Of course, the film is not perfect, and it suffers from some lengths, notably during his exile on another border (let's say no more) and the painful consequences of his return on his hero, and he sometimes flirts with the right feeling. But this “good” is also his strength, and Goran Paskaljević, too, plays on it and constantly denounces it to us. Of course, everything is fake, of course everything is decoration, he says, like the well or the goat that we bring back like an artifact. Of course, everyone is out of tune and out of place, who could be at this dirty backyard. But this hiatus is precisely the heart of the film.
It's the story of people who don't find their place, in their country, in their family, in their fatherhood. It's the story of people chasing ghosts and regrets. But who live as long as they can dream. It's the kind of humble and reassuring film that we dream of passing on to those we love, and that we would like to introduce to everyone (why not on the big screen again?).
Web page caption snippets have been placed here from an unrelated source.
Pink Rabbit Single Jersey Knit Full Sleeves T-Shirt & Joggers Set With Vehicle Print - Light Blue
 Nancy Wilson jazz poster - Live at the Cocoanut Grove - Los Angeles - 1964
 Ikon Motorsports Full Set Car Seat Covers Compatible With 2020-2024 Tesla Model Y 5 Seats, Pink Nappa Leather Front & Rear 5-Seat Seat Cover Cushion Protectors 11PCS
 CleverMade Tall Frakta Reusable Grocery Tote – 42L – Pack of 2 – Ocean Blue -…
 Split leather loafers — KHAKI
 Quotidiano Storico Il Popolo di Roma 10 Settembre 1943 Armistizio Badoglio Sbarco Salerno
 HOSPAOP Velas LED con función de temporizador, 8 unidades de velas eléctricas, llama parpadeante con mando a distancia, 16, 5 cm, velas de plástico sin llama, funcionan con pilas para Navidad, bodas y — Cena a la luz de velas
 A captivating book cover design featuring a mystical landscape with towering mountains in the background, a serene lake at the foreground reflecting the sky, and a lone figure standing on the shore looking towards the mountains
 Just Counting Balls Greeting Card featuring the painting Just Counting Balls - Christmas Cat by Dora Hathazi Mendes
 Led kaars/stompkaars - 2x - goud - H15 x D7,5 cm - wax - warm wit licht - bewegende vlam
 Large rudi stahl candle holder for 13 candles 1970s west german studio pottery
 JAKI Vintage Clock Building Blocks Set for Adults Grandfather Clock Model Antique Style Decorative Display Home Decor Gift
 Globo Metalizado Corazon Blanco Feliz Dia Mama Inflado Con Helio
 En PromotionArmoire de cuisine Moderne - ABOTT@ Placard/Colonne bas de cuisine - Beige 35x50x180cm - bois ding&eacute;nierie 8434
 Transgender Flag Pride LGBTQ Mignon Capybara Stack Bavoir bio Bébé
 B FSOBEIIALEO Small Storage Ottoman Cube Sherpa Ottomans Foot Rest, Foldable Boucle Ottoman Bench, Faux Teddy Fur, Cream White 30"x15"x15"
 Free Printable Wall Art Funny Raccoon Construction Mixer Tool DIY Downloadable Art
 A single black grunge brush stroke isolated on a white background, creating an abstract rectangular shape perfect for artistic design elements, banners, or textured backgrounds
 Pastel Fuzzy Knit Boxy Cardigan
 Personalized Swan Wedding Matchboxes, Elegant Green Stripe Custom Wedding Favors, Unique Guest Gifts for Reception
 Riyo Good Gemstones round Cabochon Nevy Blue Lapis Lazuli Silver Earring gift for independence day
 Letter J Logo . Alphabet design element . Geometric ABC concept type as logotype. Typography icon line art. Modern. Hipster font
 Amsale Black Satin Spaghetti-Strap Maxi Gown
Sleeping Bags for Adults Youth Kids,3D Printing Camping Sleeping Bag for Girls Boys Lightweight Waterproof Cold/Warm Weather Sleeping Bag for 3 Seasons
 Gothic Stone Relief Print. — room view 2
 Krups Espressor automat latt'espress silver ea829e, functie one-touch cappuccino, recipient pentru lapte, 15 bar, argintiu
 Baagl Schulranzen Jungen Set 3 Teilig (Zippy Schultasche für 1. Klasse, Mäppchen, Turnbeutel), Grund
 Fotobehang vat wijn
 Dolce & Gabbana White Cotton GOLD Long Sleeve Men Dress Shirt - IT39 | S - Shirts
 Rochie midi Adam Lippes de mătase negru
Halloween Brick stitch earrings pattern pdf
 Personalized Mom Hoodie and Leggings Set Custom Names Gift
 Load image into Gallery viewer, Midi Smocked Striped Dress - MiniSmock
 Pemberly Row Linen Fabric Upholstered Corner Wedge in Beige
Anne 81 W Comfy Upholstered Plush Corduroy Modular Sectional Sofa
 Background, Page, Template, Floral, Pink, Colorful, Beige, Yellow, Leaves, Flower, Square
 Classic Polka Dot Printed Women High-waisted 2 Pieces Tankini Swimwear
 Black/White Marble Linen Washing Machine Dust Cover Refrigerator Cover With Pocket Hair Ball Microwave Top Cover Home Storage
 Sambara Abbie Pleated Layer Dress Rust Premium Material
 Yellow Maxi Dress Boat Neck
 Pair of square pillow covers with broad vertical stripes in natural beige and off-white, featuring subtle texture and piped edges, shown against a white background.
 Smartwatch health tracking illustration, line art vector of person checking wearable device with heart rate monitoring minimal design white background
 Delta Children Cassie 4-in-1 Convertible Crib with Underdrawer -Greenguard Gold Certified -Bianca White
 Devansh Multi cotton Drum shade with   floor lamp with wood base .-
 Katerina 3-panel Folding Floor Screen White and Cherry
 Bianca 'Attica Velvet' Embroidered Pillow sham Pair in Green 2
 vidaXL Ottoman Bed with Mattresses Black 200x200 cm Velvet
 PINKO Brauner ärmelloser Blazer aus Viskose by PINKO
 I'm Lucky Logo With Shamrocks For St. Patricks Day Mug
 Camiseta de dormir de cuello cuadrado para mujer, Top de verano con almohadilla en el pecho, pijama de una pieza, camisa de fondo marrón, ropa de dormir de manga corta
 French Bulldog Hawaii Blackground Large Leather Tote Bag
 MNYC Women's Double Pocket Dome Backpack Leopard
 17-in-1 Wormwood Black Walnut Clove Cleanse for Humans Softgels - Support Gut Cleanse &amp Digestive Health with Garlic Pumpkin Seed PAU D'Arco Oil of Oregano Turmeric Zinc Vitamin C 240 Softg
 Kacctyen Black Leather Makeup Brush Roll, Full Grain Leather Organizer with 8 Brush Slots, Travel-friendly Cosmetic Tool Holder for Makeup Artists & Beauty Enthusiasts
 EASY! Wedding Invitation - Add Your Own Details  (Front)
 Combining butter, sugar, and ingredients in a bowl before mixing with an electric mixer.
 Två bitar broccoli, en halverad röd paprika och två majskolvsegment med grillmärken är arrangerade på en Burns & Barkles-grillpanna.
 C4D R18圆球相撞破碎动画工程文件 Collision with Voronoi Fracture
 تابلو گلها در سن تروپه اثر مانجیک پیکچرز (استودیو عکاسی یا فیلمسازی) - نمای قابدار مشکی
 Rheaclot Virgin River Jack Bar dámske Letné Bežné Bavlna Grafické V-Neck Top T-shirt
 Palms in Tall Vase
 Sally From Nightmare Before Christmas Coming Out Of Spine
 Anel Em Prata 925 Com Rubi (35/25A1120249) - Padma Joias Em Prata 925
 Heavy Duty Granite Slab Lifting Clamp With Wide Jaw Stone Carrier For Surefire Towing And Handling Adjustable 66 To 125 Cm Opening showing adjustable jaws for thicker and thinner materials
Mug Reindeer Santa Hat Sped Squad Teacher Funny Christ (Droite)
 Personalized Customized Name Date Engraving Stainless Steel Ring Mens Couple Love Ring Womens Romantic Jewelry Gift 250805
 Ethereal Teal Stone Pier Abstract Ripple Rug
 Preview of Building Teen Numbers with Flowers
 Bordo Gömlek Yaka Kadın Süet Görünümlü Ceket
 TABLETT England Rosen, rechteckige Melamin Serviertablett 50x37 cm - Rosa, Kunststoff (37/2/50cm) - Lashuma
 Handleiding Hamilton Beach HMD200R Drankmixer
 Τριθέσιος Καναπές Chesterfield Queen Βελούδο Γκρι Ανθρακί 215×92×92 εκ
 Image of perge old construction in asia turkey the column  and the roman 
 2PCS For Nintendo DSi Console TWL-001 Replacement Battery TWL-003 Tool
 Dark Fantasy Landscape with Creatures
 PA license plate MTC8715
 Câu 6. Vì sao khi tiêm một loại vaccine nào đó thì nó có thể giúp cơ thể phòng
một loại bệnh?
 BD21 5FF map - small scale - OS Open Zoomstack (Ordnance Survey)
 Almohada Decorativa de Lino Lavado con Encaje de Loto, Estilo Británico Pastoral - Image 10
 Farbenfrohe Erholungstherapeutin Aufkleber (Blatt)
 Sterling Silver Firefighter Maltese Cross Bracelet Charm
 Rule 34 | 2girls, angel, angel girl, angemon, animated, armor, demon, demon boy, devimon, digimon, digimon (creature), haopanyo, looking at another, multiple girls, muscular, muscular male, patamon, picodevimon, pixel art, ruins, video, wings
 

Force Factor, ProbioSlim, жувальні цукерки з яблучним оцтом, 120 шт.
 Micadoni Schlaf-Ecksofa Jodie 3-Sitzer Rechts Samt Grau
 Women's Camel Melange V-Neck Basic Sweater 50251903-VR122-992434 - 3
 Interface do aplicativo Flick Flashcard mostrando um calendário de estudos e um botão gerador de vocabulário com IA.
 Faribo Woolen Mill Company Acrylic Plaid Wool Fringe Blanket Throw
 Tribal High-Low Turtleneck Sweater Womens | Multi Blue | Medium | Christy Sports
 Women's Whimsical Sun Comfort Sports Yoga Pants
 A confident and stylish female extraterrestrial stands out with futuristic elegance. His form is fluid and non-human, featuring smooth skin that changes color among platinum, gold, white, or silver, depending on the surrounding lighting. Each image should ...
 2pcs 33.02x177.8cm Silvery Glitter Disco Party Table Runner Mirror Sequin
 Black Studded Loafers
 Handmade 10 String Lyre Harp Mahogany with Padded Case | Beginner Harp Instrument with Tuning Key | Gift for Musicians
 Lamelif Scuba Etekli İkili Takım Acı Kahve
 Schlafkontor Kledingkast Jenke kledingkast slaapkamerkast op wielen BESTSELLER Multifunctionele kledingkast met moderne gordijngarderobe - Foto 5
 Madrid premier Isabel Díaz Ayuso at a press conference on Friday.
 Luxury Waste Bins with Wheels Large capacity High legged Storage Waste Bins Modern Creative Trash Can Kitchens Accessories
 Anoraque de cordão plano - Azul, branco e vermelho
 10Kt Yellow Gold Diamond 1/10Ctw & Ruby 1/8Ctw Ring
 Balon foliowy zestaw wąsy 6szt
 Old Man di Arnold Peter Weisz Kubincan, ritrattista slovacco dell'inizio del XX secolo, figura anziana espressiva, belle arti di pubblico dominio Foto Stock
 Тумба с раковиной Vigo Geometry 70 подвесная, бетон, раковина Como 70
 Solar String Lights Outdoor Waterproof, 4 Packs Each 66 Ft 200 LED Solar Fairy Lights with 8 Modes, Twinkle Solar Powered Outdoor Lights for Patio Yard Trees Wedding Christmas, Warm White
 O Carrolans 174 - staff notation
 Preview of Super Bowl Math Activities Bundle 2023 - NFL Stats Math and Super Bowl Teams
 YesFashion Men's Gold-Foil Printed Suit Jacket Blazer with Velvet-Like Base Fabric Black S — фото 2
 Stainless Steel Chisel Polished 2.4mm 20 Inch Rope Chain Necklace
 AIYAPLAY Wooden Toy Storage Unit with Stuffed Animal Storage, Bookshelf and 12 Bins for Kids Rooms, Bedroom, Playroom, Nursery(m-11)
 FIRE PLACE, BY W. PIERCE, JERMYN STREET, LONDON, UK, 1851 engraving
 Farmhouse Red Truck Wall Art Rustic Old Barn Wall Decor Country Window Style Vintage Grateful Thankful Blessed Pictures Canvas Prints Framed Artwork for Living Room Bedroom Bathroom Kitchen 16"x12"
What a discreet little gem.
© All rights reserved. Culturopoing.com is an entirely voluntary site (Association under the 1901 law) and respects copyright, respecting the work of the artists that we seek to promote. The photos visible on the site are there for illustrative purposes only, not for commercial exploitation purposes and are not the property of Culturopoing. However, if a photograph has nevertheless escaped our control, it will be removed immediately. We are counting on the kindness and vigilance of each reader – anonymous, distributor, press officer, artist, photographer.
Please contact Bruno Piszczorowicz ([email protected]) or Olivier Rossignot ([email protected]).